On 02/08/2019 08:21, Koenig, Christian wrote:


Am 02.08.2019 07:17 schrieb Lionel Landwerlin <lionel.g.landwer...@intel.com>:

    On 02/08/2019 08:08, Koenig, Christian wrote:

        Hi Lionel,

        Well that looks more like your test case is buggy.

        According to the code the ctx1 queue always waits for sem1 and
        ctx2 queue always waits for sem2.


    That's supposed to be the same underlying syncobj because it's
    exported from one VkDevice as opaque FD from sem1 and imported
    into sem2.


Well than that's still buggy and won't synchronize at all.

When ctx1 waits for a semaphore and then signals the same semaphore there is no guarantee that ctx2 will run in between jobs.

It's perfectly valid in this case to first run all jobs from ctx1 and then all jobs from ctx2.
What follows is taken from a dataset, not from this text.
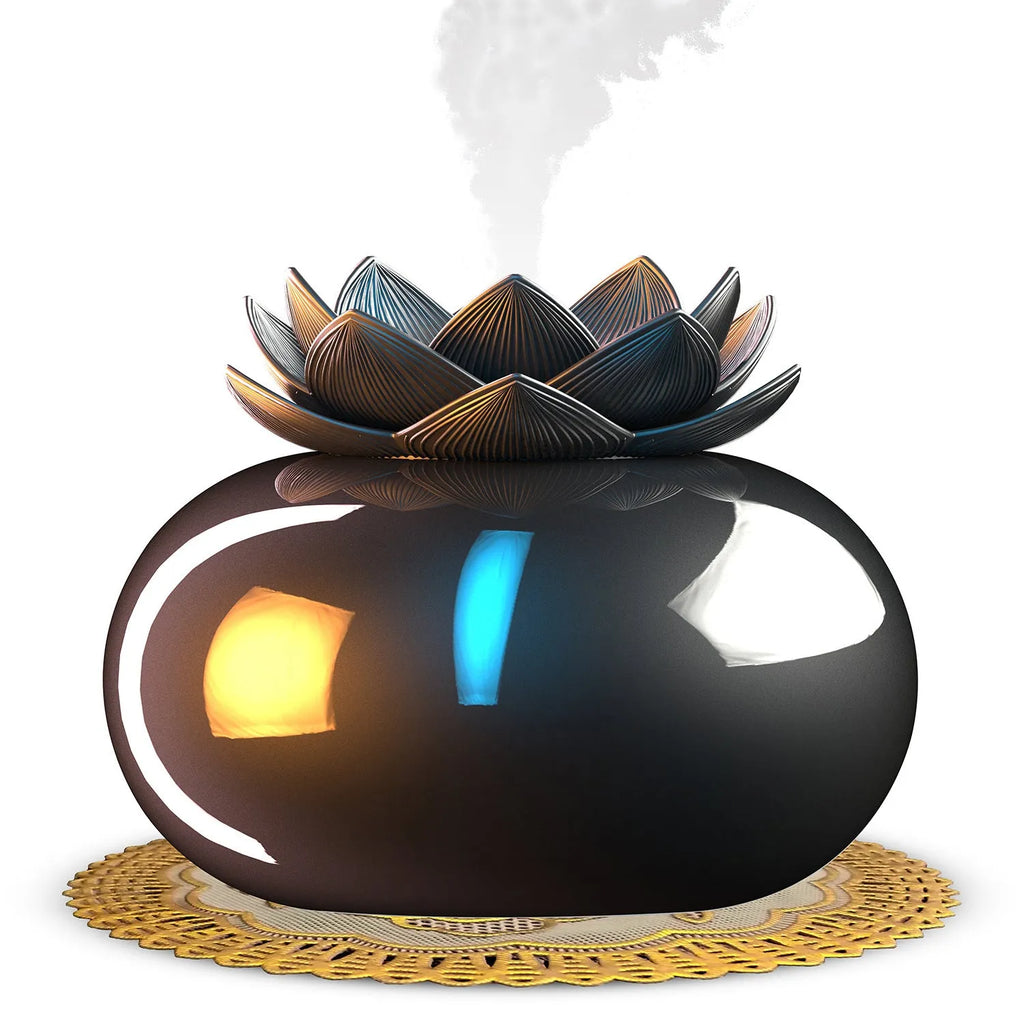 Pure black lotus-shaped aromatherapy humidifier with USB cable and single vapour outlet
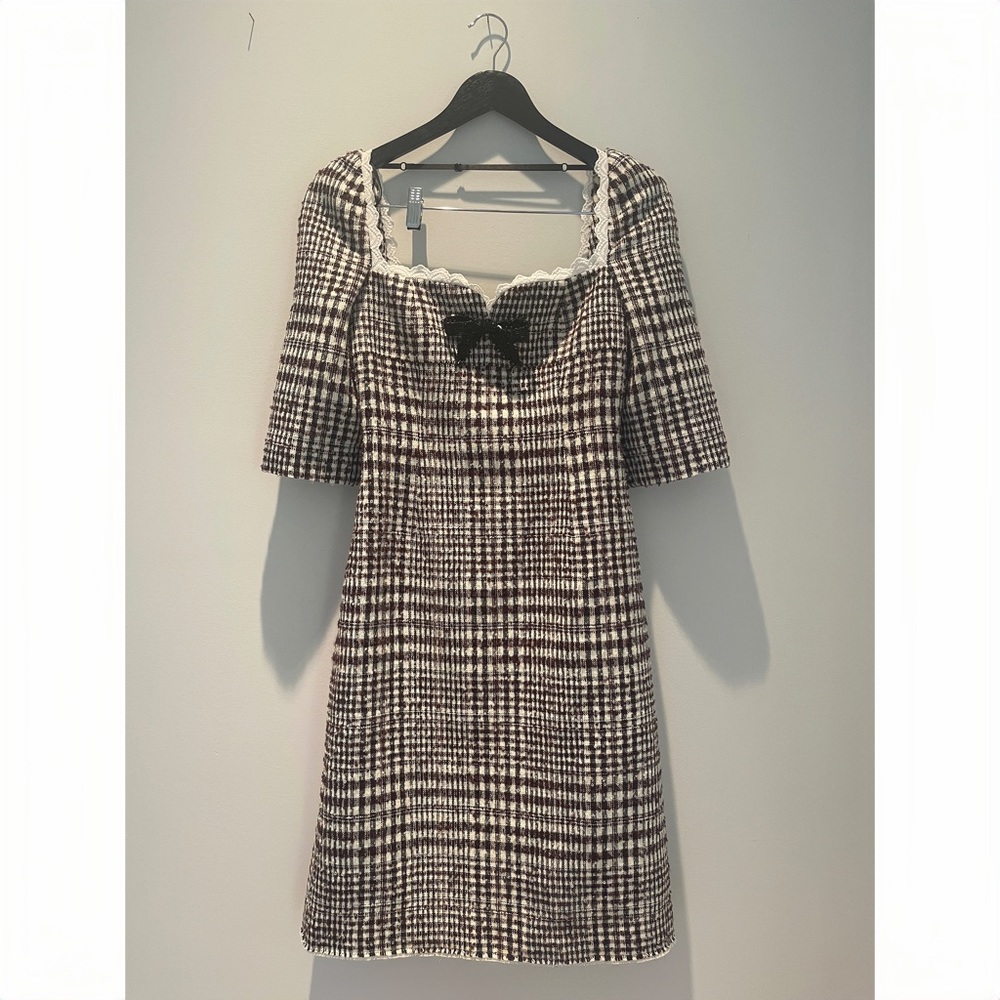 ❤️‍🔥NEW❤️‍🔥 SHUSHU/TONG Brown Check Minidress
That's not really how I see the semaphores working.

The spec describe VkSemaphore as an interface to an internal payload opaque to the application.


When ctx1 waits on the semaphore, it waits on the payload put there by the previous iteration.

Then it proceeds to signal it by replacing the internal payload.


ctx2 then waits on that and replaces the payload again with the new internal synchronization object.


The internal payload is a dma fence in our case and signaling just replaces a dma fence by another or puts one where there was none before.

So we should have created a dependecy link between all the submissions and then should be executed in the order of QueueSubmit() calls.


-Lionel



It only prevents running both at the same time and as far as I can see that still works even with threaded submission.

You need at least two semaphores for a tandem submission.

Regards,
Christian.



        This way there can't be any Synchronisation between the two.

        Regards,
        Christian.

        Am 02.08.2019 06:55 schrieb Lionel Landwerlin
        <lionel.g.landwer...@intel.com>
        <mailto:lionel.g.landwer...@intel.com>:
        Hey Christian,

        The problem boils down to the fact that we don't immediately
        create dma fences when calling vkQueueSubmit().
        This is delayed to a thread.

        From a single application thread, you can QueueSubmit() to 2
        queues from 2 different devices.
        Each QueueSubmit to one queue has a dependency on the previous
        QueueSubmit on the other queue through an exported/imported
        semaphore.

        From the API point of view the state of the semaphore should
        be changed after each QueueSubmit().
        The problem is that it's not because of the thread and because
        you might have those 2 submission threads tied to different
        VkDevice/VkInstance or even different applications
        (synchronizing themselves outside the vulkan API).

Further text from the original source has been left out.